Repercussão jurídica do ataque hacker que expôs Sérgio Moro e procuradores

14/06/2019 às 13:00
Leia nesta página:

Examina-se o tipo penal e suas consequências que envolvem o caso que ganhou repercussão nacional.

Segundo o jornal O Globo, em sua edição de 13 de junho de 2019:

"A Polícia Federal e o Ministério Público Federal (MPF) têm indícios de que o ataque hacker que expôs mensagens privadas do então juiz Sergio Moro e de procuradores foi muito bem planejado e teve alcance mais amplo do que se sabe até agora. Entre os alvos, estiveram integrantes das forças-tarefas da Lava-Jato de ao menos dois estados (Rio e Paraná) e do Distrito Federal, delegados federais de São Paulo, juízes do Rio e de Curitiba.”

Os fatos envolvendo a ação de hacker em dispositivos informativos de juízes, procuradores da República, com atuação na operação lava jato devem ser enquadrados no artigo 154 – A do Código Penal.

 A Lei 12.737, de 30 de novembro de 2012, publicada no DOU de 3 de dezembro do mesmo ano, tipificou um novo crime denominado Invasão de Dispositivo Informático, previsto no art. 154-A, do Código Penal, que entrou em vigor após 120 dias de sua publicação oficial, ou seja, em 3 de abril de 2013.

Eis o tipo penal:

Art. 154-A. Invadir dispositivo informático alheio, conectado ou não à rede de computadores, mediante violação indevida de mecanismo de segurança e com o fim de obter, adulterar ou destruir dados ou informações sem autorização expressa ou tácita do titular do dispositivo ou instalar vulnerabilidades para obter vantagem ilícita: (Incluído pela Lei nº 12.737, de 2012)  Pena - detenção, de 3 (três) meses a 1 (um) ano, e multa. (Incluído pela Lei nº 12.737, de 2012)

§ 1º Na mesma pena incorre quem produz, oferece, distribui, vende ou difunde dispositivo ou programa de computador com o intuito de permitir a prática da conduta definida no caput. (Incluído pela Lei nº 12.737, de 2012)

§ 2º Aumenta-se a pena de um sexto a um terço se da invasão resulta prejuízo econômico. (Incluído pela Lei nº 12.737, de 2012)

§ 3º Se da invasão resultar a obtenção de conteúdo de comunicações eletrônicas privadas, segredos comerciais ou industriais, informações sigilosas, assim definidas em lei, ou o controle remoto não autorizado do dispositivo invadido: (Incluído pela Lei nº 12.737, de 2012) Vigência Pena - reclusão, de 6 (seis) meses a 2 (dois) anos, e multa, se a conduta não constitui crime mais grave. (Incluído pela Lei nº 12.737, de 2012)

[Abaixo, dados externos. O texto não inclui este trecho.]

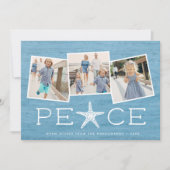 海辺の平和 |写真コラージュカード シーズンカード (正面)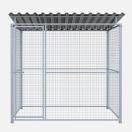 Chenil en kit m�tal grillag� - 2 x 2 m - MKS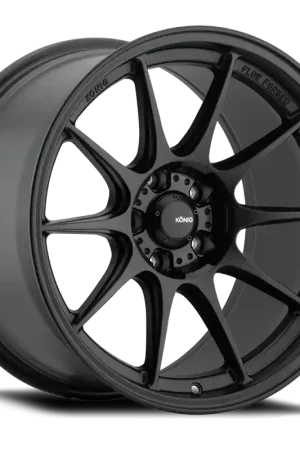 Konig Dekagram 18x9.5B 5x120 ET22 Semi-Matte Black Time-Limited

§ 4º Na hipótese do § 3o, aumenta-se a pena de um a dois terços se houver divulgação, comercialização ou transmissão a terceiro, a qualquer título, dos dados ou informações obtidos. (Incluído pela Lei nº 12.737, de 2012)

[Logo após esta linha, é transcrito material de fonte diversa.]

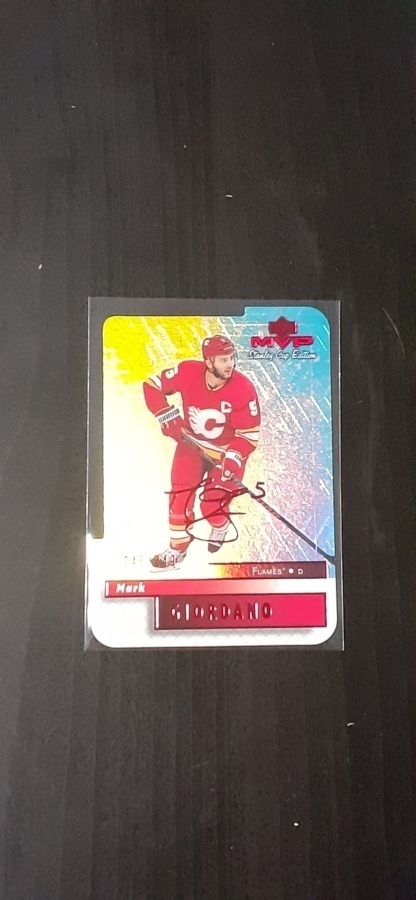 2019-20 UD MVP SCE 20th Anniversary CaC #39 Mark Giordano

§ 5º Aumenta-se a pena de um terço à metade se o crime for praticado contra: (Incluído pela Lei nº 12.737, de 2012)

I - Presidente da República, governadores e prefeitos; (Incluído pela Lei nº 12.737, de 2012) II - Presidente do Supremo Tribunal Federal; (Incluído pela Lei nº 12.737, de 2012) III - Presidente da Câmara dos Deputados, do Senado Federal, de Assembleia Legislativa de Estado, da Câmara Legislativa do Distrito Federal ou de Câmara Municipal; ou (Incluído pela Lei nº 12.737, de 2012)

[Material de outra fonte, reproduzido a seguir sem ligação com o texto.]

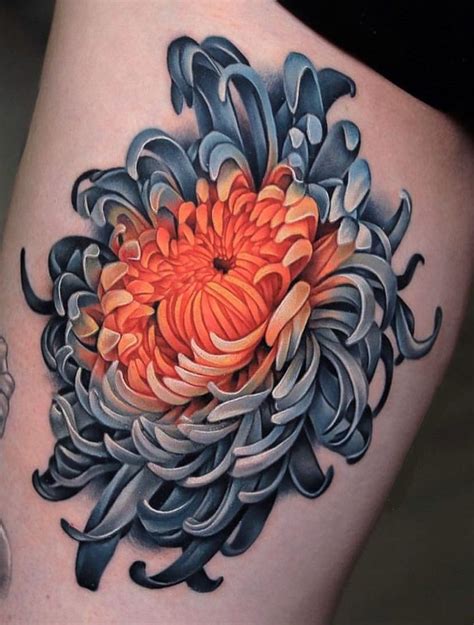 Chrysanthemum Flower Tattoos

IV - dirigente máximo da administração direta e indireta federal, estadual, municipal ou do Distrito Federal. (Incluído pela Lei nº 12.737, de 2012) Vigência Ação penal (Incluído pela Lei nº 12.737, de 2012)

Art. 154-B. Nos crimes definidos no art. 154-A, somente se procede mediante representação  salvo se o crime e cometido contra a administracao pública direta ou indireta de qualquer dos Poderes da União, Estados, Distrito Federal ou Municipios ou contra empresas concessionarias de servicos publicos. (Incluido pela Lei nº 12.737, de 2012)

É crime de ação múltipla que envolve os verbos invadir (entrar, tomar conhecimento ou acessar sem permissão) e instalar (baixar, copiar ou salvar sem permissão), tendo como objeto material os dados e informações armazenadas bem como o próprio dispositivo informático da vítima que sofre a invasão ou a instalação de vulnerabilidades. A doutrina entende que é  indiferente o fato de o dispositivo estar ou não conectado à rede interna ou externa de computadores (intranet ou internet). Trata-se de tipo misto alternativo, onde o agente responde por crime único se, no mesmo contexto fático, praticar uma ou as duas condutas típicas (invadir e instalar).

Trata-se de crime comum (aquele que pode ser praticado por qualquer pessoa), plurissubsistente (costuma se realizar por meio de vários atos), comissivo (decorre de uma atividade positiva do agente: “invadir”, “instalar”) e, excepcionalmente, comissivo por omissão (quando o resultado deveria ser impedido pelos garantes – art. 13, § 2º, do CP), de forma vinculada (somente pode ser cometido pelos meios de execução descritos no tipo penal) ou de forma livre (pode ser cometido por qualquer meio de execução), conforme o caso, formal (se consuma sem a produção do resultado naturalístico, embora ele possa ocorrer), instantâneo (a consumação não se prolonga no tempo), monossubjetivo (pode ser praticado por um único agente), simples (atinge um único bem jurídico, a inviolabilidade da intimidade e da vida privada da vítima).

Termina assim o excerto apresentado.